The understanding of charge transfer dynamics in dye‐sensitized solar cells (DSCs) is of fundamental interest and the control of it is essential for the elevation of devices from the laboratory to large‐scale production. The first efficient photovoltaic device based on dye‐sensitization of semiconductor metal oxides was reported more than two decades ago.1 Through the design of new dyes and the development of new redox mediators, the efficiency could be improved to up to 13%.1, 2, 3 A key requirement for an excellent device performance is highly efficient electron injection from the excited dye and regeneration of the oxidized dye by the redox mediator. Enhancing the efficiency of DSCs is critically dependent upon maintaining near unity quantum efficiencies for these charge separation processes, while at the same time reducing the energetic losses required to drive these reactions. These beneficial electron transfer processes are in competition with the decay of the excited state of the dye to the ground state and the recombination of injected electrons with oxidized dye molecules. Recombination of electrons in TiO2 with the redox mediator is an additional process which can limit the overall efficiency. Great advances have been made in understanding the dynamics and the impact on device performance.4, 5, 6, 7, 8, 9

In order to slow down the recombination between injected electrons and oxidized dye molecules, one possibility is to move the positive charge in the dye further away from the metal oxide surface. While this approach has been investigated using Ru‐based sensitizers together with various external donors,10, 11 the effects of coupling an external donor to metal‐free donor–pi‐linker–acceptor (D–π–A) dyes have not been explored so far. In contrast to Ru dyes, where the primary absorption stems from a MLCT transition, the primary absorption in D–π–A dyes comes from a π→π* (typically HOMO→LUMO) transition. This difference likely imposes other design criteria on assemblies of D–π–A dyes with external donors; particularly concerning the how the two are linked.

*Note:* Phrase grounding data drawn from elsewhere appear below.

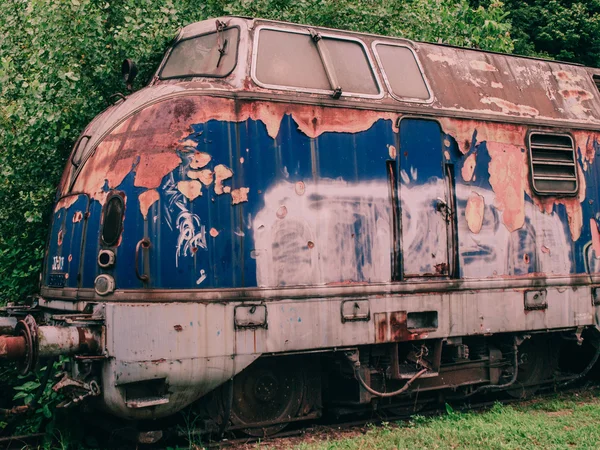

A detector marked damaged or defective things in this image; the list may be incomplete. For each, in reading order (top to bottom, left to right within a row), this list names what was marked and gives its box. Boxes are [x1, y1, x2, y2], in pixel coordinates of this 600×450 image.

rust stain [192, 151, 213, 169]
rust stain [138, 188, 159, 220]
rust stain [177, 180, 203, 201]
rust stain [214, 164, 233, 194]
rust stain [230, 187, 248, 205]
rust stain [466, 191, 486, 234]
rust stain [488, 142, 524, 232] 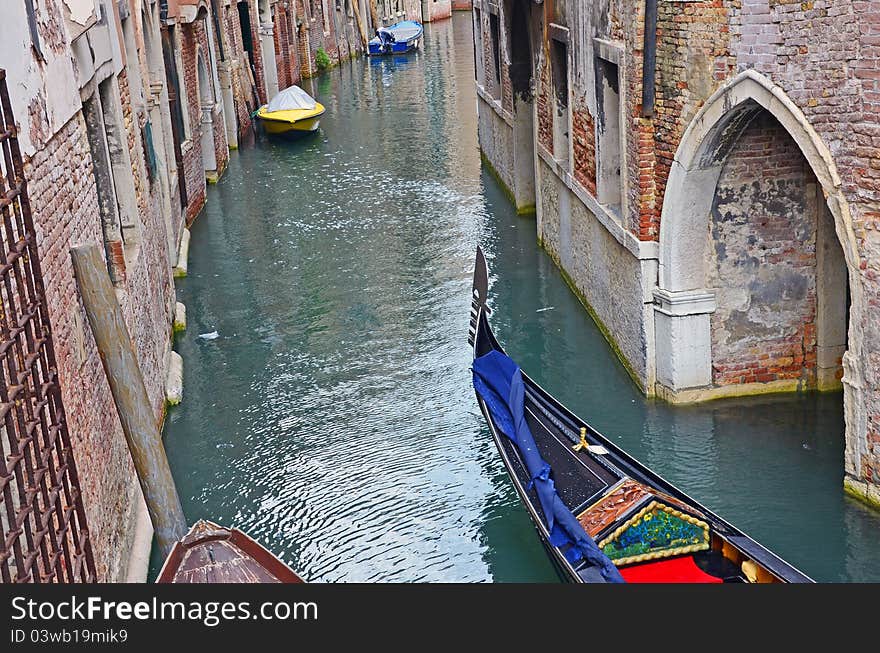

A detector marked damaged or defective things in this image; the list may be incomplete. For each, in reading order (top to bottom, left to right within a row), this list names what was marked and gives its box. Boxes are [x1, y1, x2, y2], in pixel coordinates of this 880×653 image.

rusty iron gate [0, 70, 96, 580] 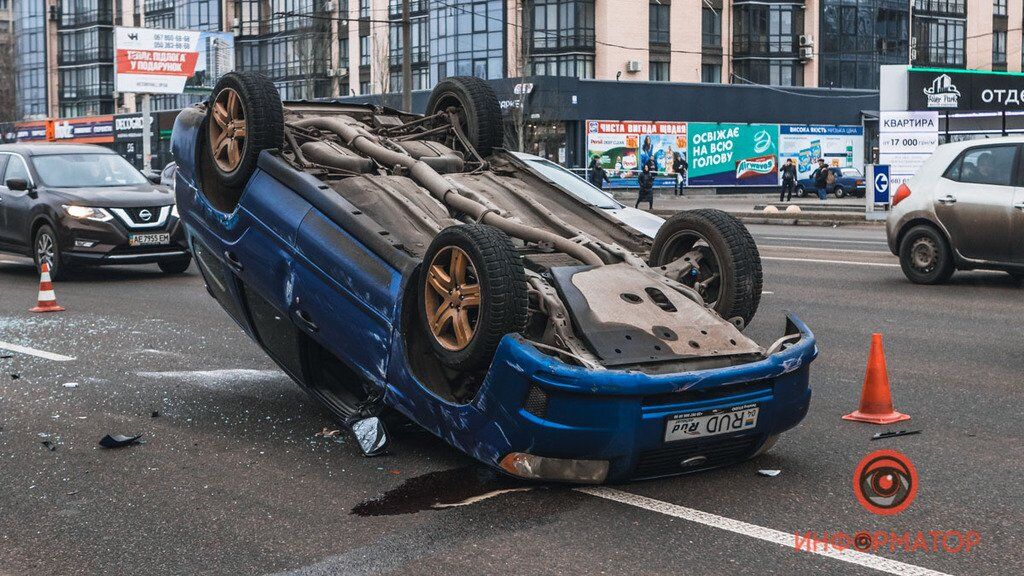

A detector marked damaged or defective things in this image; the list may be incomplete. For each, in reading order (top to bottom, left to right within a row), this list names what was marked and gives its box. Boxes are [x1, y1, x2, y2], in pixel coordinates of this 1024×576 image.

overturned blue car [172, 72, 820, 484] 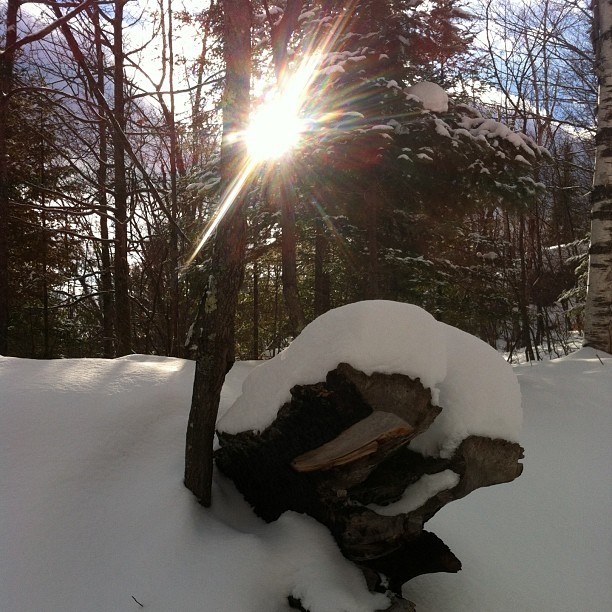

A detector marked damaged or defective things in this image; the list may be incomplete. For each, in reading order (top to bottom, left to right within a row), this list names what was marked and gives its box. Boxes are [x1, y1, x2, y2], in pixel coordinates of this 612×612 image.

broken wood piece [290, 412, 414, 474] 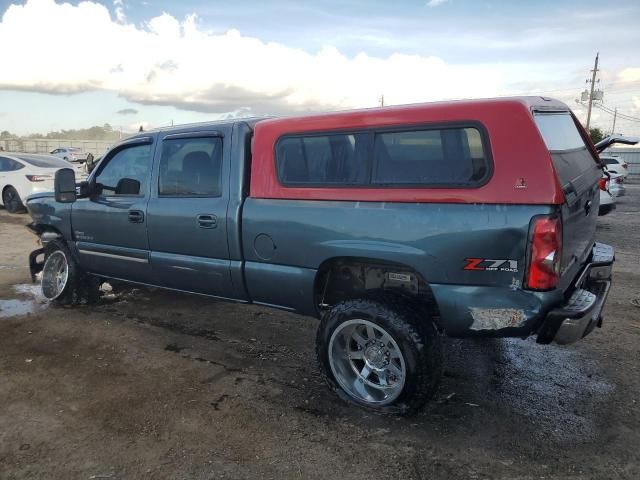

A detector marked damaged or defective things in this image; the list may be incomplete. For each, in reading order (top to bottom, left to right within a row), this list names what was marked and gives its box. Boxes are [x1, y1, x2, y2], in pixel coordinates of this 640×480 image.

damaged front bumper [536, 244, 612, 344] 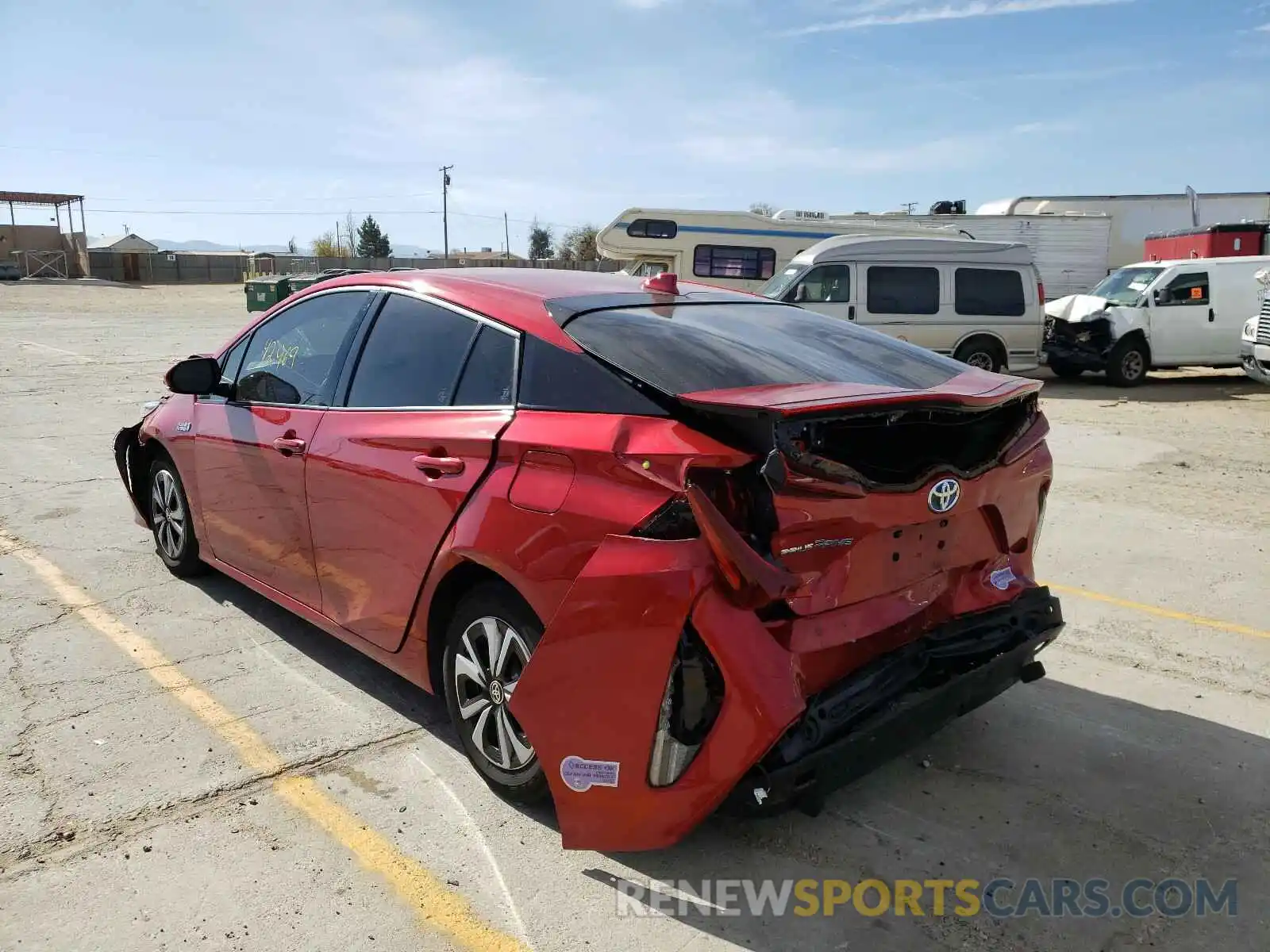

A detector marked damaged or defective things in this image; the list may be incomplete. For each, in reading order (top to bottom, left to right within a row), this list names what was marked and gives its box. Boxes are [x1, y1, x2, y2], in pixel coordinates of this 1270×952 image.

damaged white truck [1041, 257, 1270, 387]
broken taillight [651, 625, 721, 787]
rear collision damage [505, 370, 1060, 850]
crumpled bumper [511, 533, 1067, 850] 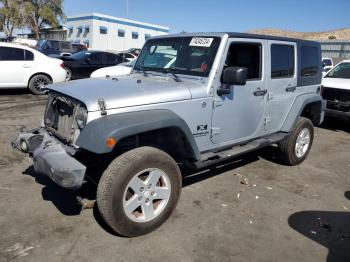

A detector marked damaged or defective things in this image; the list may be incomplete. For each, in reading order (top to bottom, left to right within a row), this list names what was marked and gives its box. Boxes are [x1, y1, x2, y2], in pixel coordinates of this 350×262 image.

cracked bumper [12, 128, 87, 189] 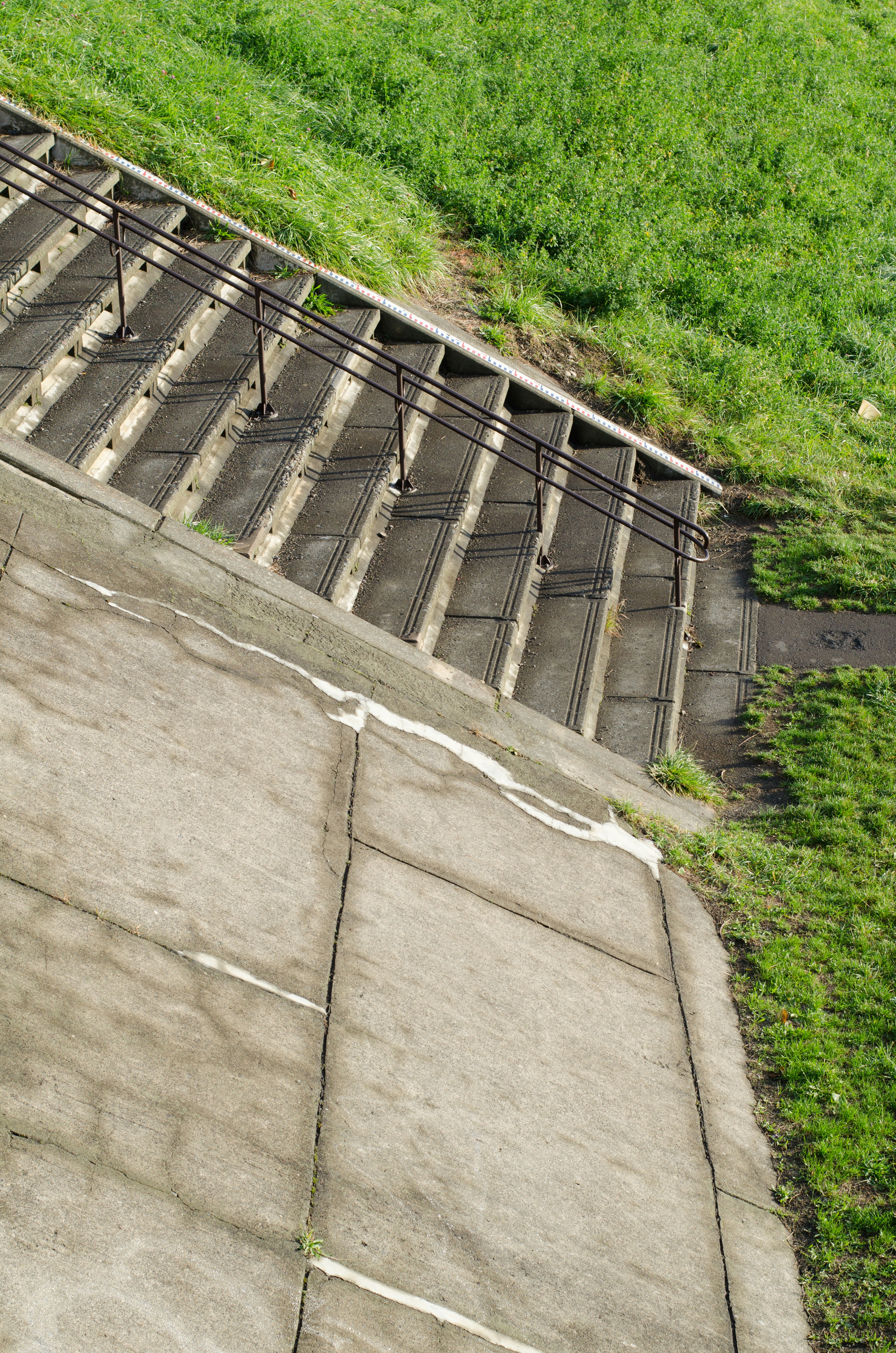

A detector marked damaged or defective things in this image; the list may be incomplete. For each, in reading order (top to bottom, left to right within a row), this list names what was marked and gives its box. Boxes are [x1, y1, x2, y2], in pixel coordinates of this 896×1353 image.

crack in concrete [5, 1120, 281, 1245]
crack in concrete [294, 730, 360, 1353]
crack in concrete [354, 833, 671, 985]
crack in concrete [658, 877, 742, 1353]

In order to reduce energetic losses in the regeneration step in DSCs, cobalt complexes have successfully been explored as one‐electron redox mediators. They have some advantages over the iodide/tri‐iodide couple, namely weak visible light absorption, less chemically aggressive and smaller voltage losses, giving the potential for more efficient solar cells.2, 12 Nevertheless, several investigations suggested that the performance of cobalt redox mediators in DSCs is limited by rapid recombination from electrons in the TiO2 conduction band to the cobalt(III) species and furthermore by slow dye regeneration and mass transport problems in the mesoporous TiO2 electrode.13, 14 Our previous research showed that a strategy of tuning the steric properties of sensitizer can overcome this recombination limitation. Furthermore, we found that additional TPA groups on the donor part of a D–π–A dye gave good blocking effect on sensitizer.12, 15

Herein we design the synthesis and describe the utilization of a modified triphenylamine (TPA) dye named E6 in which two external TPA donors via insulating aliphatic chains are introduced into donor part, in comparison to the parent dye molecule D49, see Figure . After photoinduced electron injection, positive charge from the center TPA group in E6 will move to an outer TPA unit, which will lead the charge further away from the TiO2 surface.

Figure 1

Chemical structures of D49 and E6.

Results and Discussions

Synthesis of D49 and E6

The synthesis of E6 is illustrated in Figures and . A key starting material, 5‐(4‐(bis(4‐bromophenyl)amino)phenyl)thiophene‐2‐carbaldehyde (4), is functionalized with the external donors in good yield using the Suzuki reaction followed by a Knoevenagel condensation with cyanoacetic acid to form the desired final product (E6). The synthesis of D49 is shown in Figure , which is essentially identical to that used to synthesize D35.16

Figure 2

Synthesis of the external donor of the E6 dye.

Figure 3

Synthesis of the E6 dye.

Figure 4

Synthesis of the D49 dye.

Theoretical Calculation

Prior to synthesis, quantum chemical calculations were performed in order to verify the dye design. The geometries were optimized using the hybrid density functional theory (DFT) functional B3LYP using the 6–31G(d) basis as implemented in Gaussian 09.17 A single point calculation applying a polarizable continuum model (PCM) with acetonitrile as the model solvent was then performed on the optimized structure at the B3LYP/6–311+G(d,p) level of theory. The calculation revealed two nearly degenerate energy levels at −4.970 and −4.972 eV that were assigned to the external TPA donors (Figure ). The highest occupied energy level of the dye core (HOMO‐2, −5.328 eV) lies 0.36 eV below that of the external donors', indicating a large driving force for charge transfer between the external donor and the oxidized dye. Time‐dependent DFT at the B3LYP/6–31G(d) level of theory presented two forbidden transitions (f < 0.0001) between the external donors (HOMO and HOMO‐1) and the dye core LUMO at 1.88 and 1.90, eV respectively. The first allowed transition (f = 0.727), HOMO‐2→LUMO was found at 2.27 eV.

Figure 5

Schematic representation of the excitation energies and frontier molecular orbitals of E6 plotted at an isovalue of 0.02 from DFT calculations. The dashed lines represent forbidden transitions.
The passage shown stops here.